OBJECT AND REPRESENTATION OF SELF
My object is my pair of running shoes. This pair of shoes has been with me for 4 years and it has been my buddy through my best and worst times. I had ankle issues since young and a good pair of running shoes were essential to provide support and stability when I exercise and when I go for adventures.
I love running and one of the highlight of my life was running my first half marathon. My running shoes were my partners in crime as it guided me safely through the half marathon and subsequently the second, the third and so on.
My running shoes follow me everywhere I go, braving through every adventure together. Slinging my shoes in this manner kind of resembles the action of carrying a rucksack. I love to go on adventure and I need my shoes with me if I do so. I shot it with a deep focal blur with my back against the camera to show the idea of “me and the shoe against the world”.
Even when I am resting, my shoes will still do its best to protect me by allowing me to put my feet on top of it, regardless of the terrain. The reason why I placed my feet in such a manner is to show the scar which represents the ankle issues I have. Hence this shows my reliance I have towards my shoes; I need it.
Through different weathers, conditions and terrains, this pair of shoes has done its best to protect me. It has been 4 long years, and the wear and tear can be seen clearly on the shoes. For this image, I applied a darker tone with the use of a grey background and low lighting to create a very moody setting to symbolize the parting between me and my shoes. I purposely focus on the hole to emphasize on the battle scars my shoes received while protecting me.
Although it is just a pair of running shoes, it painted a huge part of my life. It has been 4 great years, and you have serve me well. A tribute to the best running shoes. Thank you.
A place that is significant to me is my home, my room which I have been staying in for 20 years. My room makes me feel comfortable and safe from the outside world, it also serves as a place for me to rest my body and soul and to regroup myself from reality. It is also a place for me to think for ideas and reflect about life.
I like being neat and tidy and like to keep things simplistic. When you walk into my room, the only features visible are my closet, my bed and my study table.
My bed is my favourite feature in the room and the reason is obvious – sleep. Sleep is everyone’s favourite thing, nobody dislikes sleep. I like to sleep because I can rest and because I can dream. I love dreams and I love dreaming as it enables me to escape from the real world and create my own world. Personally, I am a heavy thinker and my bed is where my thought processes runs the craziest. Sometimes I think too much to the point that I could not sleep and just start staring at the ceiling light.
My room is also a product of negative and depressing thoughts. I like staying in my room, but sometimes the more I stay in my room, the more I feel that my room is like a cage and keeps me thinking that my life is not interesting. Very slowly the feeling of being bounded starts creeping up on me. The irony in that is that the inner me seeks for thrills and adventure of the outside world but at the same time I crave for the sense of safety and comfort.

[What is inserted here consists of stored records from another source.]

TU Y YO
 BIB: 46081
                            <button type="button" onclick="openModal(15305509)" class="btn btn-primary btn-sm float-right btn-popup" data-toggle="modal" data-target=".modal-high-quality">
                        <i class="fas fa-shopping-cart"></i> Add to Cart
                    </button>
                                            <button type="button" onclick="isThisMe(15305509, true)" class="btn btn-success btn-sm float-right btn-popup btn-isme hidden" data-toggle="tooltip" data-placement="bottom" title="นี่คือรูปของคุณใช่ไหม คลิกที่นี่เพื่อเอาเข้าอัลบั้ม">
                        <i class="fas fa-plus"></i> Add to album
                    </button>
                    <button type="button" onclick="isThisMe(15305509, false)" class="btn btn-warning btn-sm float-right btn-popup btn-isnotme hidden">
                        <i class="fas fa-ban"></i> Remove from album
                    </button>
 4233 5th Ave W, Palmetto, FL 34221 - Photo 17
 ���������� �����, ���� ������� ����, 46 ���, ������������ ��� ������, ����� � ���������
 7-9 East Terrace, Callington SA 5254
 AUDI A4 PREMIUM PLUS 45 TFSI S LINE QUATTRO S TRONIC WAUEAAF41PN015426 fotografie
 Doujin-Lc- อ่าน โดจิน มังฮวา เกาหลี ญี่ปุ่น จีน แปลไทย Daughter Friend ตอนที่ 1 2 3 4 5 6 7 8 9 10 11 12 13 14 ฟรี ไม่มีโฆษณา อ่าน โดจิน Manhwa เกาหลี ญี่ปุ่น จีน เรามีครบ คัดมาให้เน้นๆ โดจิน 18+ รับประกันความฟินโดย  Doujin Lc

The best way to describe my feeling I have of my room will be the song “The Big Ship” by Brian Eno. The following is quoted from David Foster Wallace, an American writer, on the song “The Big Ship”.
“This song is making me feel both warm and safe, as though cocooned like a little boy that’s just been taken out of the bath and wrapped in towels that have been washed so many times they’re incredibly soft, and also at the same time feeling sad; there’s an emptiness at the centre of the warmth like the way an empty church or classroom with a lots of windows through which you can only see rain in the street is sad, as though right at the centre of this safe, enclosed feeling is the seed of emptiness.”